*** Block opens ***
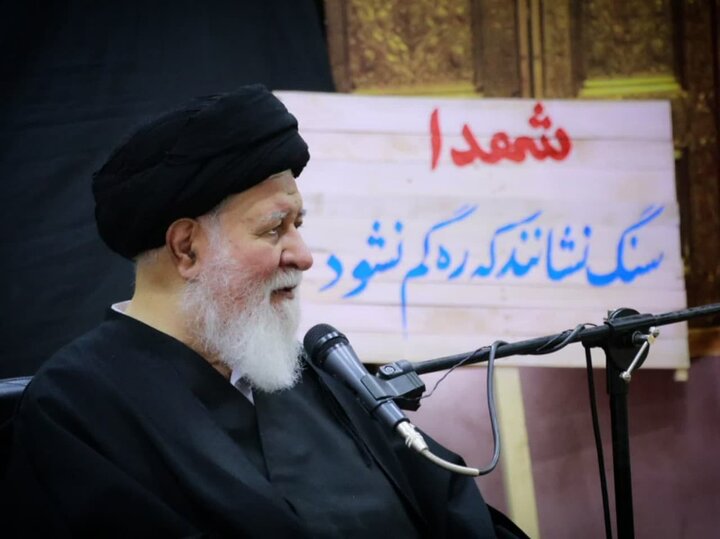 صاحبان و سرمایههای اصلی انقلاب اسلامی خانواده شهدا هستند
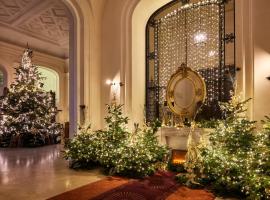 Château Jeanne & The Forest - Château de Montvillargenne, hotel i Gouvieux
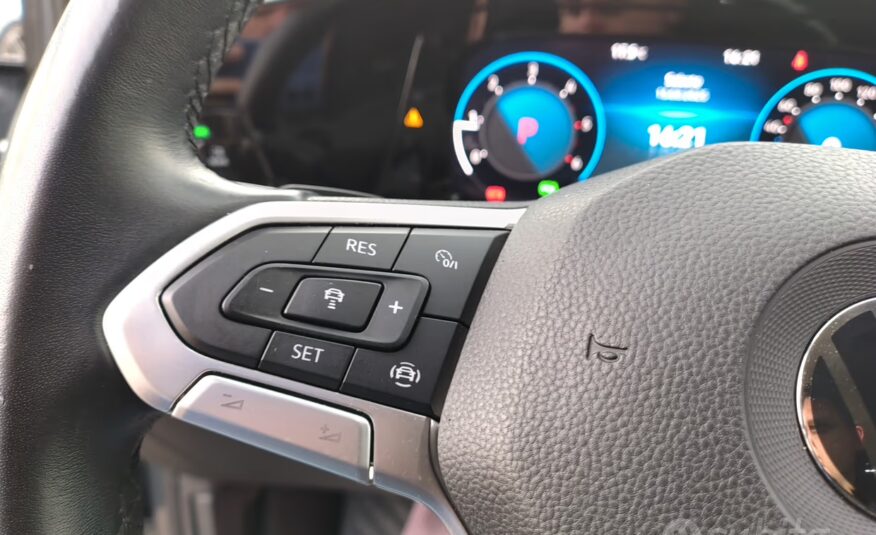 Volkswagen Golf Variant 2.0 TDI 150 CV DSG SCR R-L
*** Block closes ***
*** Block opens ***
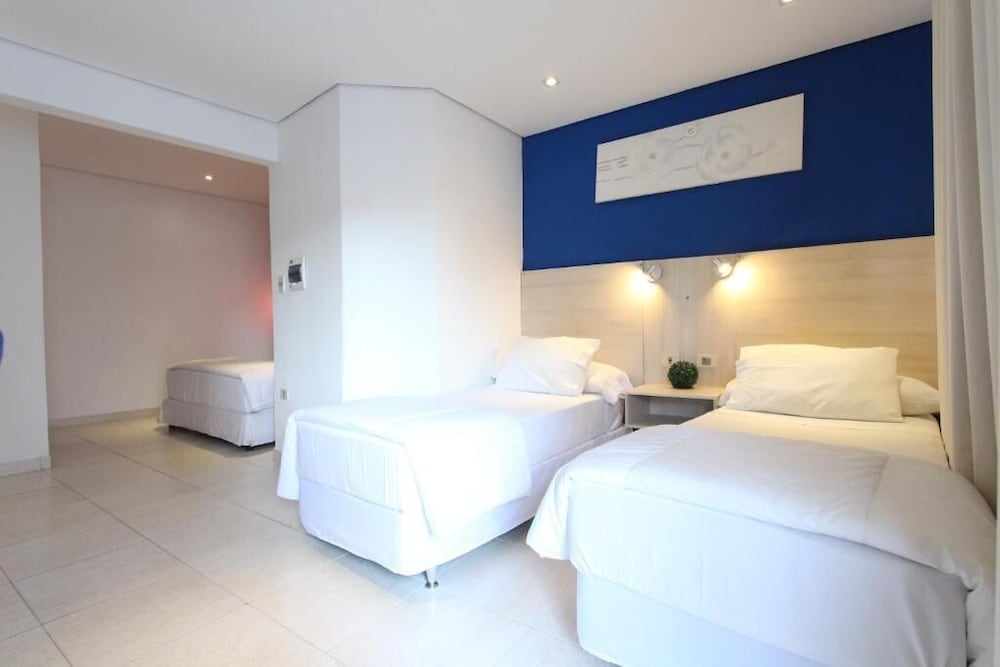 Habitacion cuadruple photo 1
*** Block closes ***
Excerpt from the records above: set down only the lines from the one that contains "صاحبان و سرمایههای" through the one that contains "Volkswagen Golf Variant", inclusive, word for word. Pictures stay out.

- TASK RESULT
 صاحبان و سرمایههای اصلی انقلاب اسلامی خانواده شهدا هستند
 Château Jeanne & The Forest - Château de Montvillargenne, hotel i Gouvieux
 Volkswagen Golf Variant 2.0 TDI 150 CV DSG SCR R-L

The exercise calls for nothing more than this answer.